» YOUR OBJECTIVE: Leave out the images and return all the data word for word.

» DATASET EXTRACT:
*****
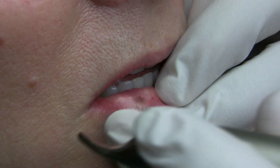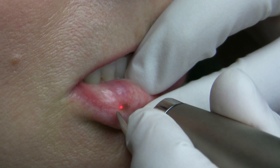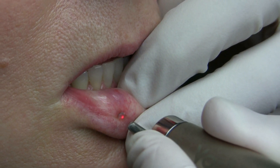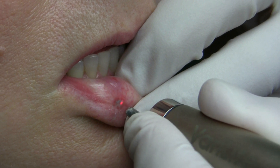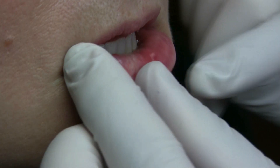We're treating this melanotic freckle with the 940 wavelength. We have 180 joules per centimeter squared. This wavelength has a high affinity for melanin. And that's it — we'll have the patient come back and hopefully that's gone.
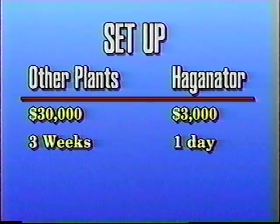Because other paving plants require a complex concrete foundation, setup time takes about three weeks. The Hagenator and horizontal mixer can be set up in less than one day, usually without a concrete foundation.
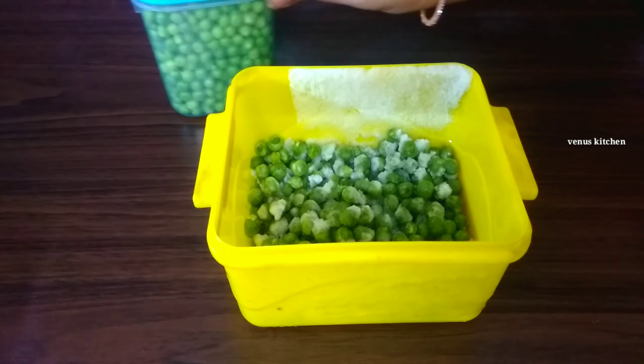Let's do blanching with fresh green peas in the water. Separate the water and add 1 teaspoon of salt to the pan. Mix and spread the heat evenly.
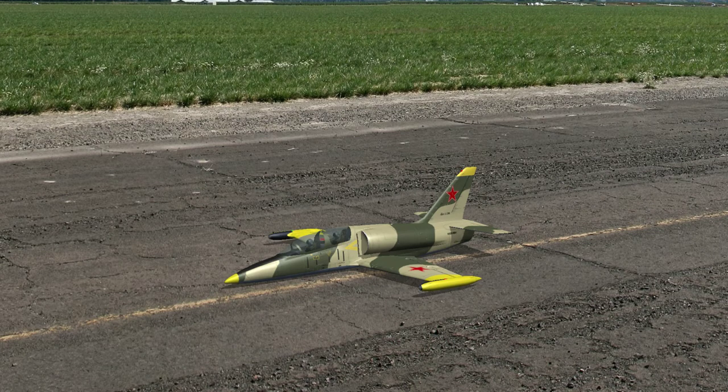Sometimes you get to be lucky when it comes to flea markets, and this is certainly one of those times. I was at a flea market and I stumbled upon this thing. Now you might wonder what the hell this thing is.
*****
» ANSWER SECTION:
We're treating this melanotic freckle with the 940 wavelength. We have 180 joules per centimeter squared. This wavelength has a high affinity for melanin. And that's it — we'll have the patient come back and hopefully that's gone.
Because other paving plants require a complex concrete foundation, setup time takes about three weeks. The Hagenator and horizontal mixer can be set up in less than one day, usually without a concrete foundation.
Let's do blanching with fresh green peas in the water. Separate the water and add 1 teaspoon of salt to the pan. Mix and spread the heat evenly.
Sometimes you get to be lucky when it comes to flea markets, and this is certainly one of those times. I was at a flea market and I stumbled upon this thing. Now you might wonder what the hell this thing is.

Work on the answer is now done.